WHAT TO PRODUCE: An exact copy of the entries is required, excluding any pictures.

+++

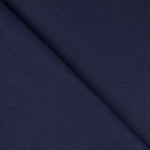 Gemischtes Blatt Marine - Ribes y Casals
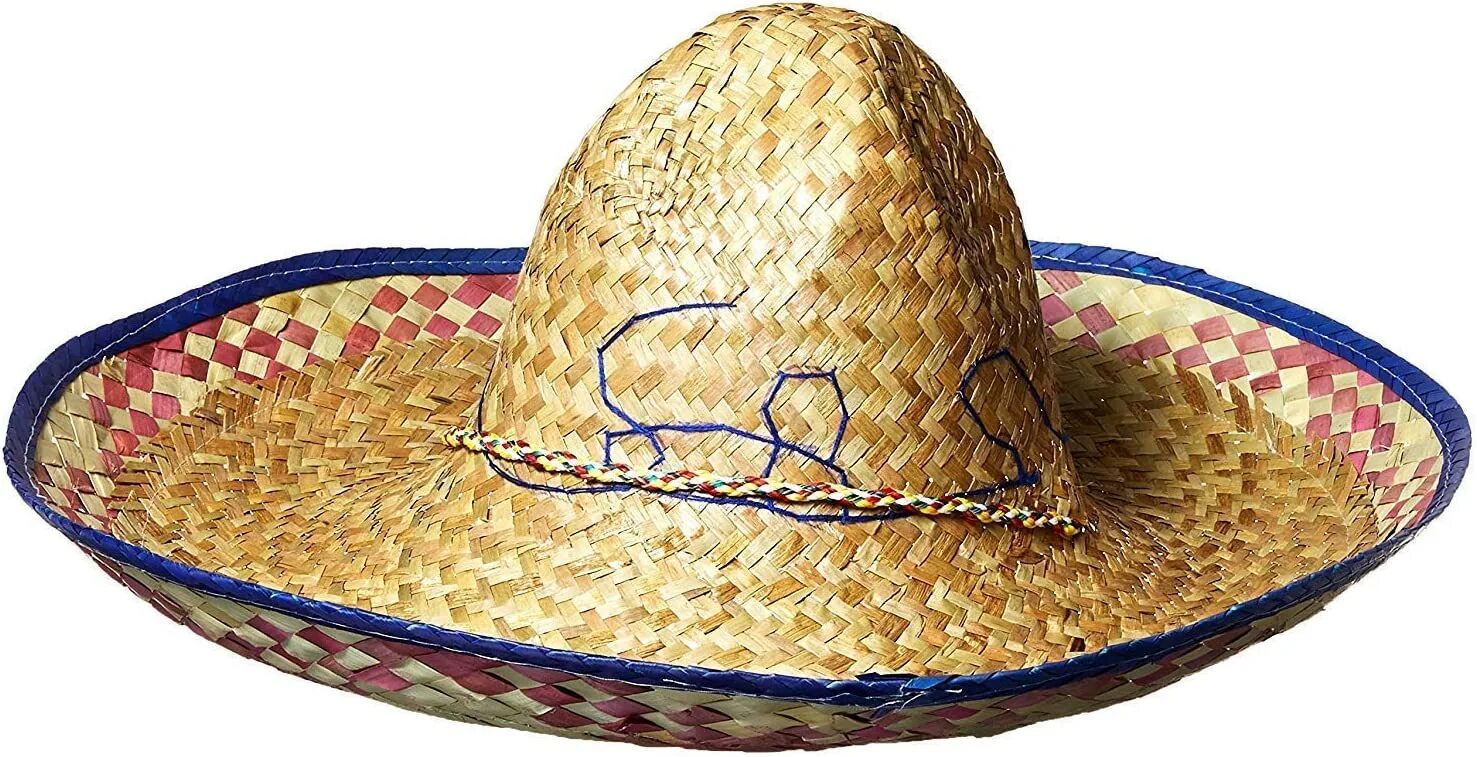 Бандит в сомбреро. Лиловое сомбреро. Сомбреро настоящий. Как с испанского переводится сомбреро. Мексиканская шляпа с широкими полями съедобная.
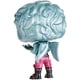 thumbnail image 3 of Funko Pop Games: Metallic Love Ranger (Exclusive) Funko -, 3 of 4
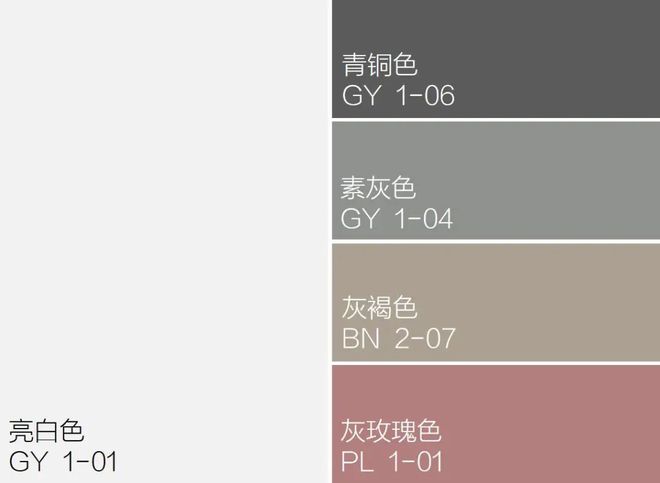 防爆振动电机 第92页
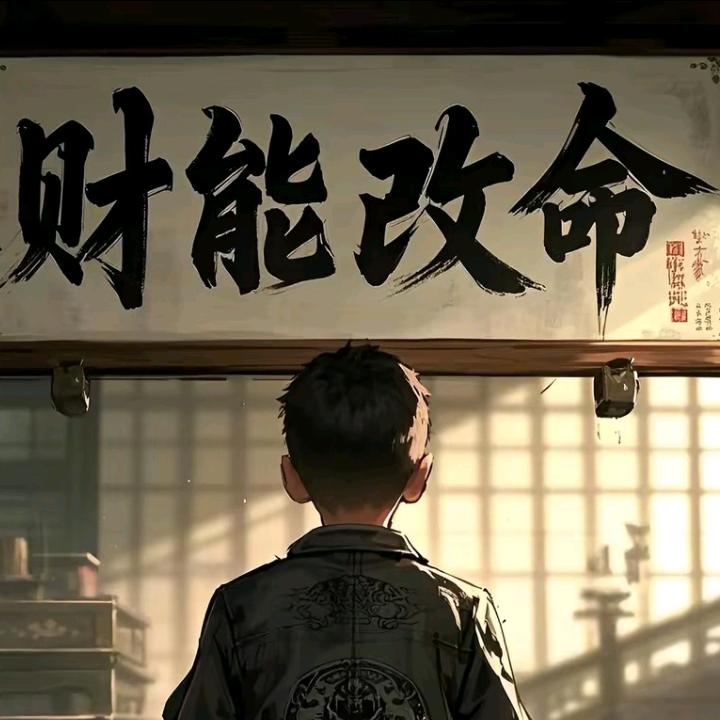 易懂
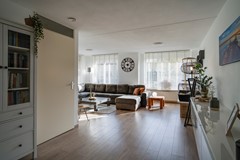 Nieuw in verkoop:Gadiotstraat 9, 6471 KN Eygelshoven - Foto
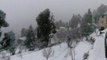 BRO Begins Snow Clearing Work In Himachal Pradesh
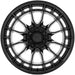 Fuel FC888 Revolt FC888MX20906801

+++

ANSWER SECTION:
 Gemischtes Blatt Marine - Ribes y Casals
 Бандит в сомбреро. Лиловое сомбреро. Сомбреро настоящий. Как с испанского переводится сомбреро. Мексиканская шляпа с широкими полями съедобная.
 thumbnail image 3 of Funko Pop Games: Metallic Love Ranger (Exclusive) Funko -, 3 of 4
 防爆振动电机 第92页
 易懂
 Nieuw in verkoop:Gadiotstraat 9, 6471 KN Eygelshoven - Foto
 BRO Begins Snow Clearing Work In Himachal Pradesh
 Fuel FC888 Revolt FC888MX20906801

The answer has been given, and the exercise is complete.